The backlash between Islamic countries and France over President Emmanuel Macron’s comments on Islam and freedom of speech is growing. 

A rift between France and Muslim nations is growing after French President Emmanuel Macron said earlier this month that Islam was in “crisis”.

France is increasing security at religious sites as the interior minister said Tuesday that the country faces a “very high” risk of terrorist threats, amid growing geopolitical tensions following the beheading of a teacher who showed his class caricatures of the Prophet Muhammad.

In the wake of the murder of Samuel Paty, a teacher who was killed for showing students caricatures of Prophet Muhammad, French authorities have launched a crackdown on radical Islam, closing one mosque and raided several properties. Earlier in September, President Emmanuel Macron had pledged to fight “Islamist separatism” and to protect French values and principles.

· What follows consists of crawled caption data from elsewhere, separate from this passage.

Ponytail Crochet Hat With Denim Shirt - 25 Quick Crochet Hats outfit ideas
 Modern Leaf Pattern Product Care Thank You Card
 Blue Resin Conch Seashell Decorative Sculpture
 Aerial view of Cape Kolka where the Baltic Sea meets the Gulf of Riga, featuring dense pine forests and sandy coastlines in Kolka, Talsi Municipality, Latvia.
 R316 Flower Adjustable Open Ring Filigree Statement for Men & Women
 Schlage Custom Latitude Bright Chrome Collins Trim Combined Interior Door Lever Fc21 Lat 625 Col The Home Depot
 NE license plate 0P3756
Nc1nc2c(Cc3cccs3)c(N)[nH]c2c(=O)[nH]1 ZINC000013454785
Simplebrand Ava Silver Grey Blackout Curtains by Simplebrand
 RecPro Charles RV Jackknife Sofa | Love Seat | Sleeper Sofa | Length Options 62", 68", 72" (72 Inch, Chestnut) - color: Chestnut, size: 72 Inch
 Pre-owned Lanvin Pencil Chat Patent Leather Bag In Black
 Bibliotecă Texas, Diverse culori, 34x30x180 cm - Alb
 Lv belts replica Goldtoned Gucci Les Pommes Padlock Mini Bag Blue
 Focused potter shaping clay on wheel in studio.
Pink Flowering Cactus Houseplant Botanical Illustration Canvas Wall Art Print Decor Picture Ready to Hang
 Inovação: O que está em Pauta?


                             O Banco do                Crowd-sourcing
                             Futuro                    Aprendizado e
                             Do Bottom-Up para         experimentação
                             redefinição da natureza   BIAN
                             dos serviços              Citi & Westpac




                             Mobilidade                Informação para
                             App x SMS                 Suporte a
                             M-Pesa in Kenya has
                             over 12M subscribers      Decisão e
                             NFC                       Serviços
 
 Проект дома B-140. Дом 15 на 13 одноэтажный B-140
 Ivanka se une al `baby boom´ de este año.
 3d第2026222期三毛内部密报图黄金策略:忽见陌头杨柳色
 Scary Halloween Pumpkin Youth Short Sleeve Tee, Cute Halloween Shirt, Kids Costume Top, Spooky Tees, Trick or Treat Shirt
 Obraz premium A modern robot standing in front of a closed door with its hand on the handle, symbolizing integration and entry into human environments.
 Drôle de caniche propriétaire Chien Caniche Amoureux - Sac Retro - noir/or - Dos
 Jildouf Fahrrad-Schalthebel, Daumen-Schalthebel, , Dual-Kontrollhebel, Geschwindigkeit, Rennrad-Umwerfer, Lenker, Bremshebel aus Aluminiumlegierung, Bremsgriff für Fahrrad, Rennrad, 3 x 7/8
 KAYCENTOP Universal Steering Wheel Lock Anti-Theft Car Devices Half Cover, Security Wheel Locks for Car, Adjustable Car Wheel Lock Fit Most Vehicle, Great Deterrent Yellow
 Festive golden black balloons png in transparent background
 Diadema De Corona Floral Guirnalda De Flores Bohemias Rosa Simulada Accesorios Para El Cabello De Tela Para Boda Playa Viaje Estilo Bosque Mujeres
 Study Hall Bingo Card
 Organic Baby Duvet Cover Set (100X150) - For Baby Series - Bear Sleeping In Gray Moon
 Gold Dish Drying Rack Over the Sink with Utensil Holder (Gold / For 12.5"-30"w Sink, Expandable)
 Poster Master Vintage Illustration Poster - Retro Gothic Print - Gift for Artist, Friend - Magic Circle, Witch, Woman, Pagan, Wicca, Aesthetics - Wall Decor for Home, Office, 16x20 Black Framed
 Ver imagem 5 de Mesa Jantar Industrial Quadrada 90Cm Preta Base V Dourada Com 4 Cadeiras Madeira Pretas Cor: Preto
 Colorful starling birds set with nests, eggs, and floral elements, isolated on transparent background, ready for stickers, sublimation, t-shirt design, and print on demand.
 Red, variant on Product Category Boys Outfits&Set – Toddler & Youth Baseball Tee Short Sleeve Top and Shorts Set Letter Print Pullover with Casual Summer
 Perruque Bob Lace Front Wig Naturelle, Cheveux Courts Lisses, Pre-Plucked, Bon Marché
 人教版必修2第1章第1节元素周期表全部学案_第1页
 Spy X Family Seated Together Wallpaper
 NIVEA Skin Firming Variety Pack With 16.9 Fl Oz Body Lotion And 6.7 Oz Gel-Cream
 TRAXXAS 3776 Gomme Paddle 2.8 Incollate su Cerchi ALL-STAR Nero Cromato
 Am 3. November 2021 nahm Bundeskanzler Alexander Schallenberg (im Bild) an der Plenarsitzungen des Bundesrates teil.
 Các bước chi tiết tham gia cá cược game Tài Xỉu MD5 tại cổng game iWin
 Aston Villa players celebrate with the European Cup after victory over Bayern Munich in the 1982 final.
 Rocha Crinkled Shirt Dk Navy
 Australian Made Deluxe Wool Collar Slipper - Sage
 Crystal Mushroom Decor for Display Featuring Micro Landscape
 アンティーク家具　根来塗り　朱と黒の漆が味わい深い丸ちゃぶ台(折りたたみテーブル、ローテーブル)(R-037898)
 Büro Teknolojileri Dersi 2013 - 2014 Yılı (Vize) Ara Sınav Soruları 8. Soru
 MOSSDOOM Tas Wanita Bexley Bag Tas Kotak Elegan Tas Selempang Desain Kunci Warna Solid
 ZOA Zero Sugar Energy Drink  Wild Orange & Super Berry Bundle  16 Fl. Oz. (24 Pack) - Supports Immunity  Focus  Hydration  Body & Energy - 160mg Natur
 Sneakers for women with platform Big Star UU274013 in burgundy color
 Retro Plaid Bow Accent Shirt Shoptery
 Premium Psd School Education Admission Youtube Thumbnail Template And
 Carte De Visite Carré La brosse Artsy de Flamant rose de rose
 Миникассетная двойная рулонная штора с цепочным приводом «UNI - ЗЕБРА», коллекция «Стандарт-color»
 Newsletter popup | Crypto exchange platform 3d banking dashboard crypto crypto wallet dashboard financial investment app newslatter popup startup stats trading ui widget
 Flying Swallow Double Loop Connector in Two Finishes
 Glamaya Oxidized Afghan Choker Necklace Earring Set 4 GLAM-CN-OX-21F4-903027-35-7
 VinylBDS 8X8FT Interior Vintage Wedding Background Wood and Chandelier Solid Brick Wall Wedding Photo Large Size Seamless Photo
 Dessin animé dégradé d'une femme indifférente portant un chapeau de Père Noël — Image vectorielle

The horrific beheading and murder on a French public street just yards from the school Samuel Paty taught. created a wave of public condemnation and mass protest.

Thousands rally in Paris to show solidarity with teacher beheaded outside suburban school
Thousands rally in Paris to show solidarity with teacher beheaded outside suburban school

French diplomats are trying to quell anger in Turkey and Arab nations amid anti-France protests and calls for boycotts of French goods in response to President Emmanuel Macron’s firm stance against Islamism in the wake of the Oct. 16 beheading. European allies have supported Macron, while Muslim-majority countries are angered by his defense of prophet cartoons they consider sacrilegious.

France’s national police have called for increased security at religious sites around the All Saint’s holiday this coming weekend, particularly noting online threats from extremists against Christians and moderate French Muslims.

Interior Minister Gerald Darmanin said on France-Inter radio that the terrorist threat remains “very high, because we have a lot of enemies from within and outside the country.”

He reiterated plans to try to disband Muslim groups seen as peddling dangerous radical views or with too much foreign financing. He accused Turkey and Pakistan in particular of “meddling in France’s internal business.”

“There is a battle against an Islamist ideology. We must not back down,” he said. But he insisted that “the Muslim faith has all its place in the republic.”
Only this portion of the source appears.